In the above display, $d_{TV}$ denotes the total variation distance between two distributions, defined as $d_{TV}(P, Q) = \sup_{E } P(E) - Q(E)$ where the supremum is over all measurable sets $E$. The result above implies that the minmax lower bound for a particular estimation problem is large if there exist two distributions $P_1$ and $P_2$ which (i) are ‘well-separated’ in terms of the $d-$metric, and (ii) are statistically ‘close’ in terms of $d_{TV}(\cdot, \cdot)$. Due to their opposing nature, obtaining the best lower bound requires finding the right balance between these two requirements.

The statement of the above result and its proof are based on the statement and proof of Lemma~1 in (Yu, 1997)^{2}.

#### Proof of the Lemma

First, we select arbitrary $P_i \in \mathcal{P}_i$ for $i=1,2$ and lower-bound the supremum over all $P \in \mathcal{P}$ with a simple average over these two distributions.

$$
\sup_{P \in \mathcal{P}}\;\mathbb{E}_P \left[ d \left( \hat{\theta}, , \theta(P) \right) \right]

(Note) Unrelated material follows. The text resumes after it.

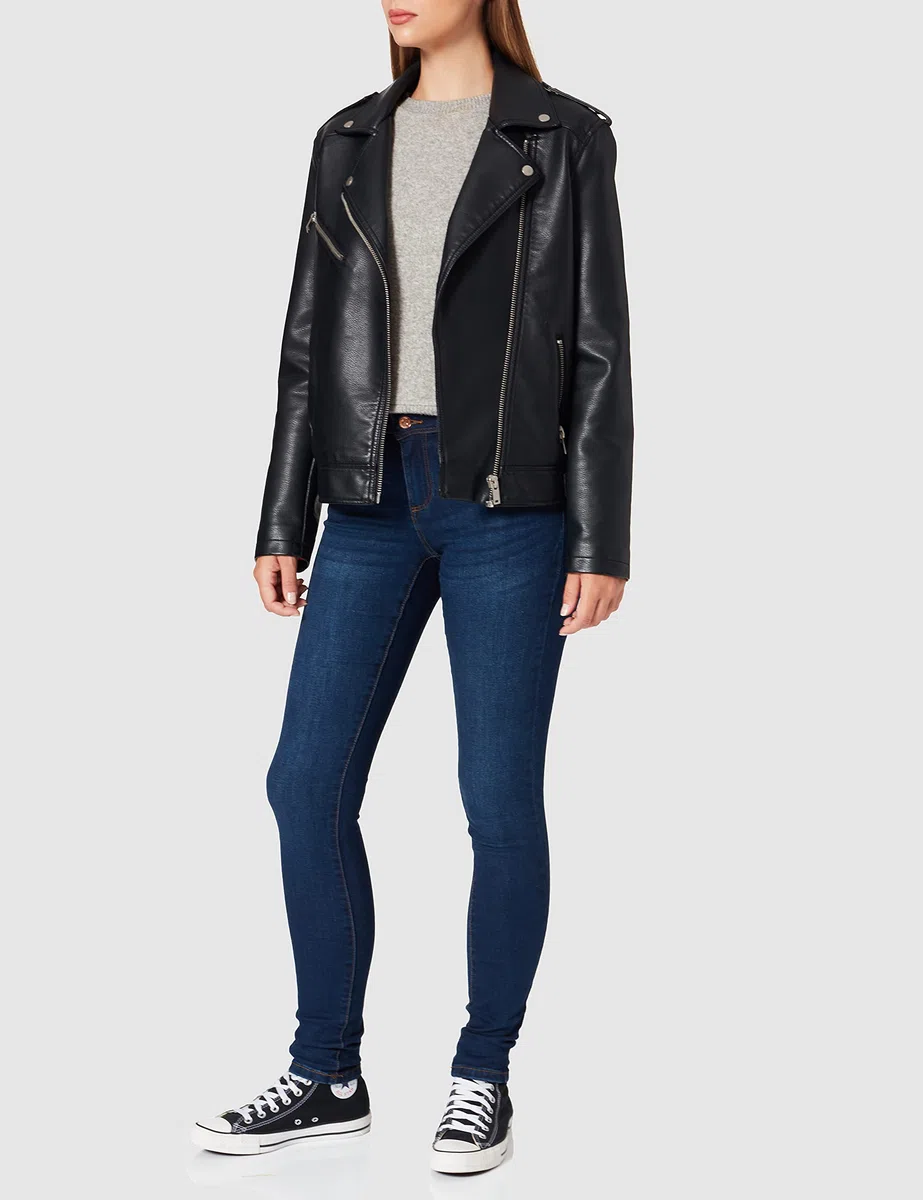 VERO MODA Damen VMTANYA MR S Piping Jeans VI207 GA 10225234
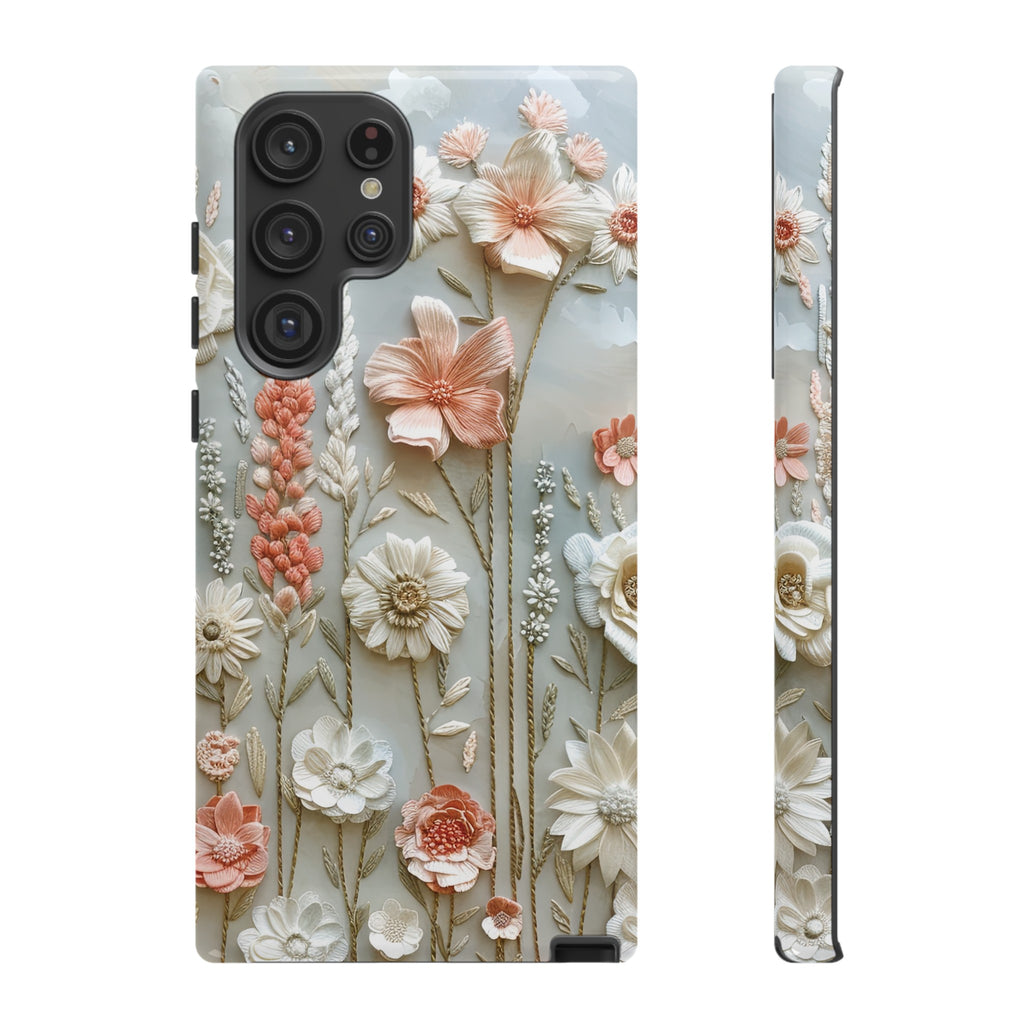 Pastel Wildflowers Protective Phone Case Gift for Her Phone 15, Samsung iPhone Samsung Gift for Her Case iPhone 15, Samsung iPhone Samsung Accessory Gift for Her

\geq \frac{1}{2} \left( \mathbb{E}_{P_1} \left[ d \left( \hat{\theta}, , \theta(P_1) \right) \right] +
\mathbb{E}_{P_2} \left[ d \left( \hat{\theta}, , \theta(P_2) \right) \right]\right )
$$
Next, with the notation $\theta_i = \theta(P_i)$, we observe^{3} the following: for any
$\theta \in \mathcal{D}$ such that $d(\theta, \theta_1)< \delta$, we must have $d(\theta, \theta_2)>\delta$.
Similarly, if $d(\theta, \theta_2)<\delta$ then $d(\theta, \theta_1)>\delta$. Both these results
follow from the fact that $d$ satisfies the triangle inequality and that $d(\theta_1, \theta_2) \geq 2\delta$.
Now, we define the set $E = \left \{x \in \mathcal{X}\;:\; d\left( \hat{\theta}(x), \theta_1 \right) < d\left( \hat{\theta}(x), \theta_2 \right) \right \}$. Clearly, if $X \in E$, then $d(\hat{\theta}(X), \theta_2) \geq \delta$ and if $X \in E^c$ then
$d(\hat{\theta}, \theta_1) \geq \delta$. Together, these results imply that $d(\hat{\theta}, \theta_1)
\geq \delta 1_{E^c}$ and $d(\hat{\theta}, \theta_2) \geq \delta 1_E$ where $1_E$ denotes the indicator function
associated with a set $E$.
Thus we have
$$
\begin{aligned}
\sup_{P \in \mathcal{P}}\;\mathbb{E}_P \left[ d \left( \hat{\theta}, \, \theta(P) \right) \right] &
\geq \frac{1}{2} \left( \mathbb{E}_{P_1} \left[ d \left( \hat{\theta}, \, \theta(P_1) \right) \right] +
\mathbb{E}_{P_2} \left[ d \left( \hat{\theta}, \, \theta(P_2) \right) \right]\right ) \\

& \geq \frac{1}{2} \left( \mathbb{E}_{P_1}[\delta 1_{E^c} ] + \mathbb{E}_{P_2}[\delta 1_{E}]\right) \; = \;
\frac{\delta}{2} \left( P_1(E^c) + P_2(E) \right) \\

& \geq \frac{\delta}{2} \left( 1 - \left(P_1(E) - P_2(E) \right) \right) \\

& \geq \frac{\delta}{2} \left( 1 - \sup_{E \subset \mathcal{X}}\left(P_1(E) - P_2(E) \right) \right) \\

& = \frac{\delta}{2} \left( 1 - d_{TV}(P_1, P_2) \right) \\

\end{aligned}
$$

Finally, the result follows by noting the fact that the distributions $P_i \in \mathcal{P}_i$ were chosen arbitrarily, and hence we can take a supremum over all such $P_i$.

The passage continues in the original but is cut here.